Sunday, 8 May 2005

Reuse, Standardisation and Calcification

As we embark on the development of something, anything in fact, we no doubt will find ourselves in situations where we are reusing part of previous work we have done. Programmer uses the technical term "function" to encapsulate a block of code which is used in several occasions (reuse). Later, of course, we have methodologies such as object-oriented development etc. This post is not about such technical details.

When we write our lesson plans (is there anyone still doing this?, ok, assume we do), we found ourselves repeating several patterns which we are comfortable with. May be it looks like "revision of previous lesson, introduction of new idea, details, examples, more details, more examples....". Again this is a re-use, a reuse of the pattern.

The conversation style I am using in Conversation With My Evil Twin has a template behind it. I always have a "background" section and a boilerplate passage "Once upon a time, on a sunny evening ...."

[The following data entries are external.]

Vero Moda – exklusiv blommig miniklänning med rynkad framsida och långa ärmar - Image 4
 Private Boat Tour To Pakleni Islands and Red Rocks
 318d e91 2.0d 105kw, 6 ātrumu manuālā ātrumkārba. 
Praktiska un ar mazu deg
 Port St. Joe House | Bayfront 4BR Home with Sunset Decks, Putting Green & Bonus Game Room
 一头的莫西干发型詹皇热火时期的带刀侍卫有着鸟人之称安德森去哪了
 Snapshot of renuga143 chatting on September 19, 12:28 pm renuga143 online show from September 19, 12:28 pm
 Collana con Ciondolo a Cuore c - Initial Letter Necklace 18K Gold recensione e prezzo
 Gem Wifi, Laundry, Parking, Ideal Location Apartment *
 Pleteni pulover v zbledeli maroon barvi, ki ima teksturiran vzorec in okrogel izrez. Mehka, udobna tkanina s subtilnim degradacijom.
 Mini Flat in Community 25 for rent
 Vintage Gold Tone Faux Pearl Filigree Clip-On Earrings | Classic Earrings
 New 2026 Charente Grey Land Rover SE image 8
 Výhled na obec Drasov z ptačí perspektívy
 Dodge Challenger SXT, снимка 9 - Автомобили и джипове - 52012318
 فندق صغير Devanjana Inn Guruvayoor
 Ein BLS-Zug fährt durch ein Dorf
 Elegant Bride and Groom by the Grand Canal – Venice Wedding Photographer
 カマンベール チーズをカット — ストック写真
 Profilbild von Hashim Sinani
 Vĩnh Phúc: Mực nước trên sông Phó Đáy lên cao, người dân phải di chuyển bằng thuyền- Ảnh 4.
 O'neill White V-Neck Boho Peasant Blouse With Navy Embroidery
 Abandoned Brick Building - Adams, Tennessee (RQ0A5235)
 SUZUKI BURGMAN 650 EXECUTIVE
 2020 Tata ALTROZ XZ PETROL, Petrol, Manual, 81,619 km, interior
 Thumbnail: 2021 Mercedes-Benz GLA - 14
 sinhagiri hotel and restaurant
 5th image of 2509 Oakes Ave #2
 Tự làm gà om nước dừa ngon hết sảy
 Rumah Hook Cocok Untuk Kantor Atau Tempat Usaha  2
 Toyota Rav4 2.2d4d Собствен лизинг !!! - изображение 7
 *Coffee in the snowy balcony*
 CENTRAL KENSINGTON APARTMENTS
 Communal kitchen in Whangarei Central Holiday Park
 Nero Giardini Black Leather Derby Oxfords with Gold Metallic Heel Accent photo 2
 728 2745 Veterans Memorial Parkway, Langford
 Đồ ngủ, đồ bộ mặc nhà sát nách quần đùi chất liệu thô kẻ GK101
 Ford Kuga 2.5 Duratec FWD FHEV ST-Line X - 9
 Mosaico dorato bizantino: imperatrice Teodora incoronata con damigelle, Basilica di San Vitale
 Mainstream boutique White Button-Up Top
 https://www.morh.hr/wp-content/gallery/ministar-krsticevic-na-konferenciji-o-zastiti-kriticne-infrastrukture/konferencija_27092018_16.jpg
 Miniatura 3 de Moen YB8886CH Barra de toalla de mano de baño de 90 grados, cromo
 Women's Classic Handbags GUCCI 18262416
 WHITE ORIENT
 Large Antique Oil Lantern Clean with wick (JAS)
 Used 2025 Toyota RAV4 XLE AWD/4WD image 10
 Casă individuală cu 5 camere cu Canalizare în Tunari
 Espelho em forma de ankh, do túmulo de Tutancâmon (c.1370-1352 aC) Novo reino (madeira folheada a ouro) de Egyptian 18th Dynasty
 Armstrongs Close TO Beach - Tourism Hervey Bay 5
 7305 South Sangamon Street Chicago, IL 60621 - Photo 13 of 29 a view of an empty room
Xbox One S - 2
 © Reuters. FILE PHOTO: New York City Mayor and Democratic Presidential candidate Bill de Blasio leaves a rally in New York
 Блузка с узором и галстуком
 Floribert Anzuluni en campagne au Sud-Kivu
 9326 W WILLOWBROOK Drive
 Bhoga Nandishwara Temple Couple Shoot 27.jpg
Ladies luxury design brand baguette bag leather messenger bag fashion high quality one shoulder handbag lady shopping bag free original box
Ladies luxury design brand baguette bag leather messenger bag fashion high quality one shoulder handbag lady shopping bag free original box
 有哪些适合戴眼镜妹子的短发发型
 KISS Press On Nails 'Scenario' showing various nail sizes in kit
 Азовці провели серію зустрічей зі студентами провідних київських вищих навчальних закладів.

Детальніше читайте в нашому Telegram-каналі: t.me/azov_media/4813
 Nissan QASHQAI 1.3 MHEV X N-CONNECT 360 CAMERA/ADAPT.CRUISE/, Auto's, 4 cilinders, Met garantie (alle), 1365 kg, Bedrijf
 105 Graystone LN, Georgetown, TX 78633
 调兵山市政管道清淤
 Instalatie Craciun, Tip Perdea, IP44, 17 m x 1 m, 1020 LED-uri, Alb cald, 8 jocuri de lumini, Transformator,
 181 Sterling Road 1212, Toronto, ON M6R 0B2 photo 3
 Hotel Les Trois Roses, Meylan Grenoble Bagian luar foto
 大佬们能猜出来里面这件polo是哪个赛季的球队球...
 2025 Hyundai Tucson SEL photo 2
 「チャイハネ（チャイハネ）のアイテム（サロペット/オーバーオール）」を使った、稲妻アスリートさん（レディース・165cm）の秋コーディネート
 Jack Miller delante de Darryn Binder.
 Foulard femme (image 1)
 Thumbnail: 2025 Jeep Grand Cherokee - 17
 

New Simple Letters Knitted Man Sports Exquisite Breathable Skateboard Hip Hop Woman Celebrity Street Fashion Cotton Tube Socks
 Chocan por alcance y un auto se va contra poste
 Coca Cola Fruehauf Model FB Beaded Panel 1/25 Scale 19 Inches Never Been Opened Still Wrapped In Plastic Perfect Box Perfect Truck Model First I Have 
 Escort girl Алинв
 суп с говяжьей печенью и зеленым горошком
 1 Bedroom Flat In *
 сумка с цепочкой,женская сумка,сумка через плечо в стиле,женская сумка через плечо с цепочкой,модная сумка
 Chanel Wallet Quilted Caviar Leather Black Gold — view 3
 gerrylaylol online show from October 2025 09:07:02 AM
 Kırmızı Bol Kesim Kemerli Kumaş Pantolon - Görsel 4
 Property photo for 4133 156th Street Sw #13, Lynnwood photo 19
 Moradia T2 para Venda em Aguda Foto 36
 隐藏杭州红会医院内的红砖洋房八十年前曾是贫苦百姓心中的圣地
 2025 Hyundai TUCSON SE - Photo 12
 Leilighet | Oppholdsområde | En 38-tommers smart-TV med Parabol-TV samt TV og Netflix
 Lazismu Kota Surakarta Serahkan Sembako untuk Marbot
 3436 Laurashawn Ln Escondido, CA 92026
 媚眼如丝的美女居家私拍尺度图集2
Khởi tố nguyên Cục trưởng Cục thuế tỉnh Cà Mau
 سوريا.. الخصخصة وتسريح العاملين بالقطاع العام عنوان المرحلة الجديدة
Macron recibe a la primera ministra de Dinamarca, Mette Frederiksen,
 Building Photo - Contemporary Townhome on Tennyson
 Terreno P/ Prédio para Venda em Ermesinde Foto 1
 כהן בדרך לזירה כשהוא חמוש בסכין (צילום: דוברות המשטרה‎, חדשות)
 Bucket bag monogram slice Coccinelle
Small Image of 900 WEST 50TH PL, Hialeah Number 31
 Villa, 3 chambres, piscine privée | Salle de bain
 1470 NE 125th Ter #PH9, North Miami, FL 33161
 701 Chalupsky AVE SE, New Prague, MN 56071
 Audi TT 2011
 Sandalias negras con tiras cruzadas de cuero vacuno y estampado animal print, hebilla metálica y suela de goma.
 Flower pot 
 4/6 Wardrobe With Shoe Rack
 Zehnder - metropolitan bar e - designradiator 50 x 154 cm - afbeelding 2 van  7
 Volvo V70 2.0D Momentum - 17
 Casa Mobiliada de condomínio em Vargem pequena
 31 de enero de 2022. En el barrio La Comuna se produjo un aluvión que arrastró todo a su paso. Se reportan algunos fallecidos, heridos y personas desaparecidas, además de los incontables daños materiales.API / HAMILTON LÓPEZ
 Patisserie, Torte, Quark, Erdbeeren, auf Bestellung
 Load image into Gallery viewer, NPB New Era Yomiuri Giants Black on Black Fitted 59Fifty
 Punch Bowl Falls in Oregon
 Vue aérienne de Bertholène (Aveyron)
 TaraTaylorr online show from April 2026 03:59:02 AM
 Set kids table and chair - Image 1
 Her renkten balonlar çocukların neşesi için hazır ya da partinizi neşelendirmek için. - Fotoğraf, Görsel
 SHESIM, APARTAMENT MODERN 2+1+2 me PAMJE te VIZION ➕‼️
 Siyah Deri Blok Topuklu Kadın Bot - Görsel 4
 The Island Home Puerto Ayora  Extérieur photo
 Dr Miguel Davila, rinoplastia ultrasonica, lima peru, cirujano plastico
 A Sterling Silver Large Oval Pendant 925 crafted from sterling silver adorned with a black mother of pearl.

When a team starts to work collaboratively on a project, we begin to introduce guidelines, rules etc in order to make the reuse more efficient, ie minimise the re-invention of wheels. (Ok, the guidelines and rules are also introduced for other reasons too, but here we focus on those guidelines and rules which are related to re-use). When the team is small and close, these guidelines and rules are negotiated and formed informally. As the collaboration team grows, with more members from more diverse background joining the team, this process of articulating the guidelines and rules starts to have a life of its own. This is called the standardisation process. As long as this process is driven by the active users (members of the collaboration teams who actually use the guidelines and rules in their daily work), these guidelines and rules are fluid, changing as needs arise and continuously re-negotiated. However, when the process is taken over by "managers", this is then driven by a completely different set of motives and agenda. "Political" considerations become more and more important. These start to surface and enforced: "stability of standards", conformance and examples where organizations attempt to 'refocus' anyone who is perceived as doing any innovative work 'out of the box' because this is perceived as either 'non corporate', 'off message' or just plain inefficient (Derek Morrison, World's largest deployment of Moodle? (part 2)) James Gosling call this calcification in an 1990 online article (http://www.java.sun.com/people/jag/StandardsPhases/index.html) which is no longer available online.

Once certain "standards" are recognised as important and strategic by the upper management, the power of negotiating, modifying, extending etc of these standards are taken away from the actual users. Actual users are typically disconnected from the standard process (may be the users of standards are not interested in the political battles of setting standards, or they are deem as not representative enough from the organisation's point of view that their representation are replaced by more "senior" members who have no hand-on experience of the "product" they are trying to standardise.)

I will stop here and let you imagine what will happen next ...

Does this sound familiar to you? I hope not.